Invisible workers of AI, how AI can help with dyslexia, and more!

Happy Holidays! Last Week in AI will take a break over the next two weeks and resume in January. We wish everyone a fantastic holiday season and will see you in the new year!

Mini Briefs

AI needs to face up to its invisible-worker problem

In an interview with the MIT Tech Review, Saiph Savage, director of the Human-Computer Interaction Lab at West Virginia University, reviews her work on addressing the "invisible-worker" problem of AI. In the U.S., more than a million people work on platforms like Amazon Mechanical Turk, which tasks human workers to label data used later to train machine learning models. Other tasks, like transcribing audio for voice assistants and flagging inappropriate content, are also common.

Savage points out the main problems with these platforms are the low wages and lack of career development opportunities. While more than 250k workers in the U.S. earn at least three-quarters of their income through such work, they're only paid on average $2 per hour, far below minimum wage. Programs that help workers optimize for task selection, share advice, or allow workers to run their own data-labeling platforms may help alleviate these issues.

How artificial intelligence helped me overcome my dyslexia

Tabitha Goldstaub, co-founder of a "market intelligence platform for AI," shares her experience with how simple AI-powered tools help her tackle challenges caused by dyslexia. Improved spelling and grammar checking software, like SwiftKey and Grammerly, have improved her ability to quickly communicate, and so do recent advances in voice-to-text.

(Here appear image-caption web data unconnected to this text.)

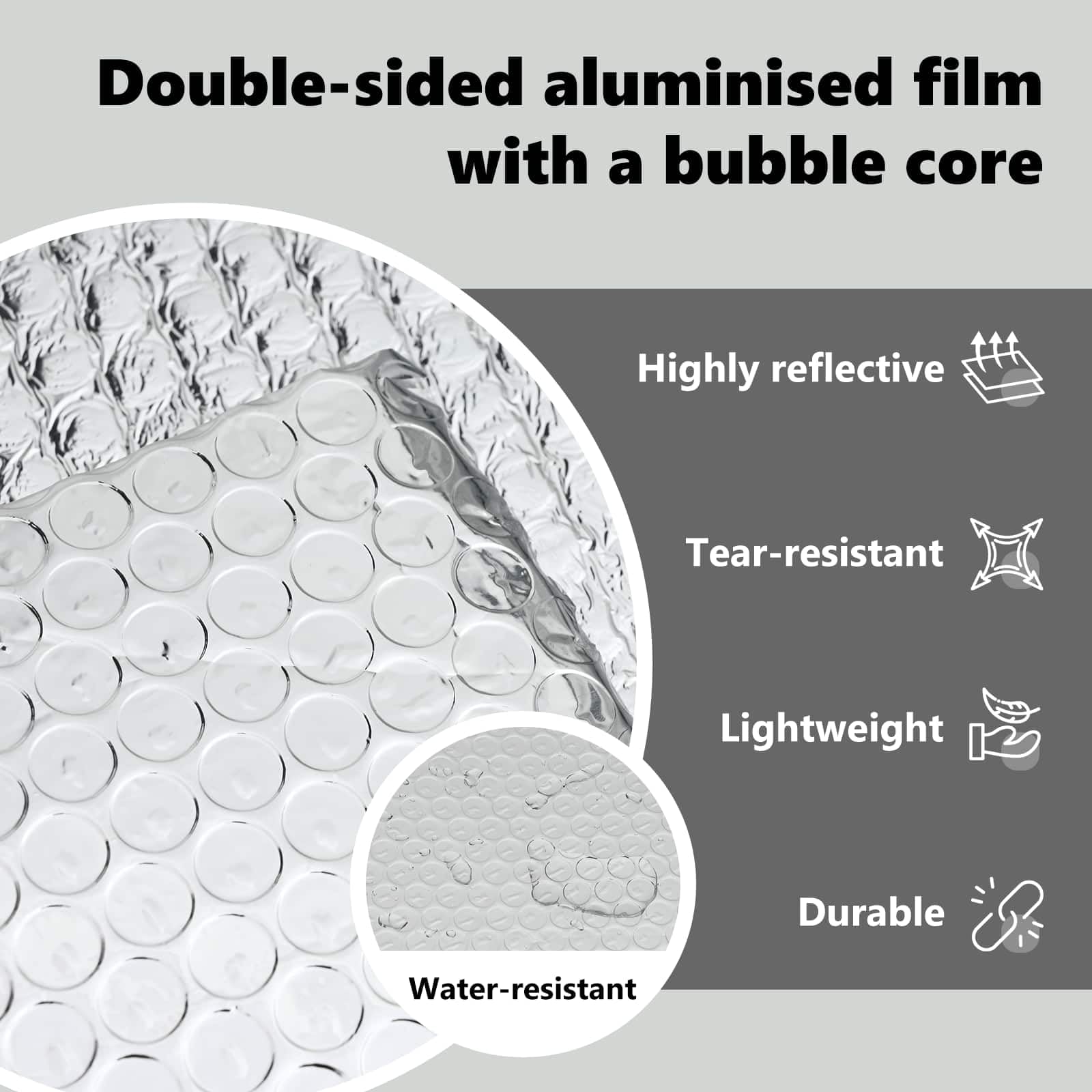 vidaXL Radiatorfolie Zilver 10 x 1 m Polyetheen | Verhoogt de verwarmings efficiëntie als een pro, Gemaakt van sterk hittebestendig aluminium,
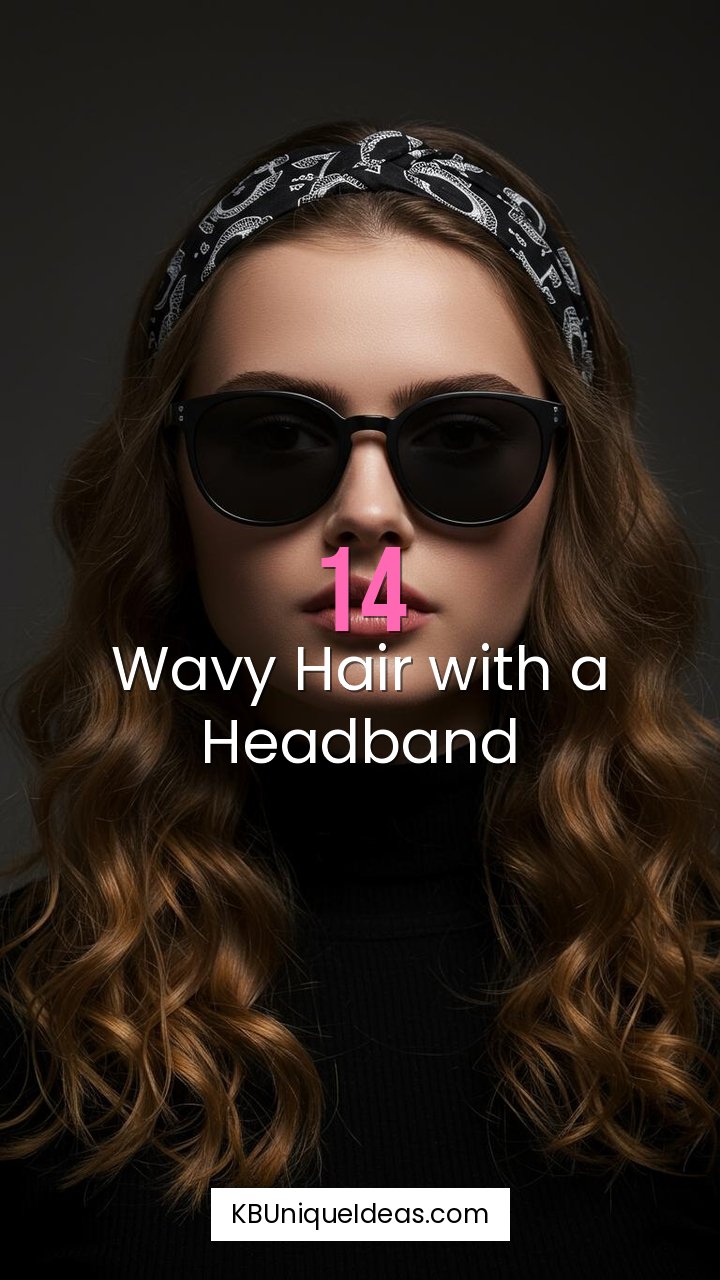 Wavy Hair with a Headband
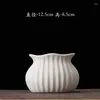 Vases White Ceramic Vase European Style Flower Pot Plants Modern Home Decorations Vintage Desktop Porcelain Ornaments Handicrafts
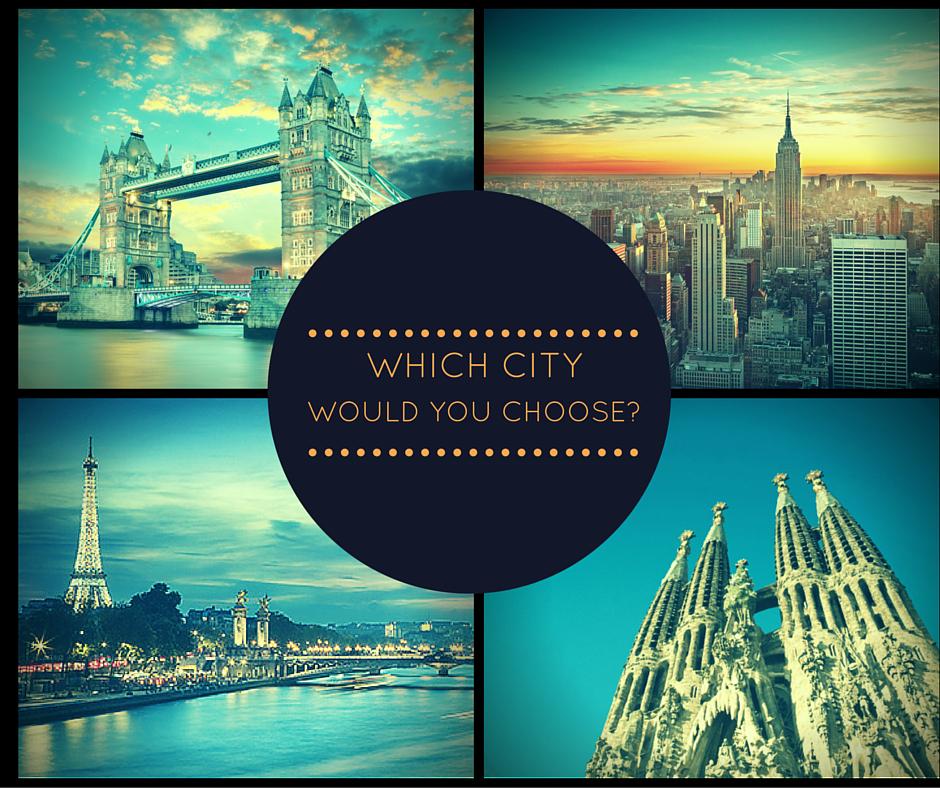 Monday dreaming: #London, #NewYork, #Paris or #Barcelona? #monday #travel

An important aspect of AI-based tools is their ability to adapt to user data over time, improving their effectiveness the more they're used. Goldstaub emphasizes that the usefulness of AI-powered automation technology means that they will only grow more popular and powerful in the future, and it is in the interest of both individuals and society as a whole to adapt accordingly to mitigate the disruption AI will have on jobs and its risks in biased decision making.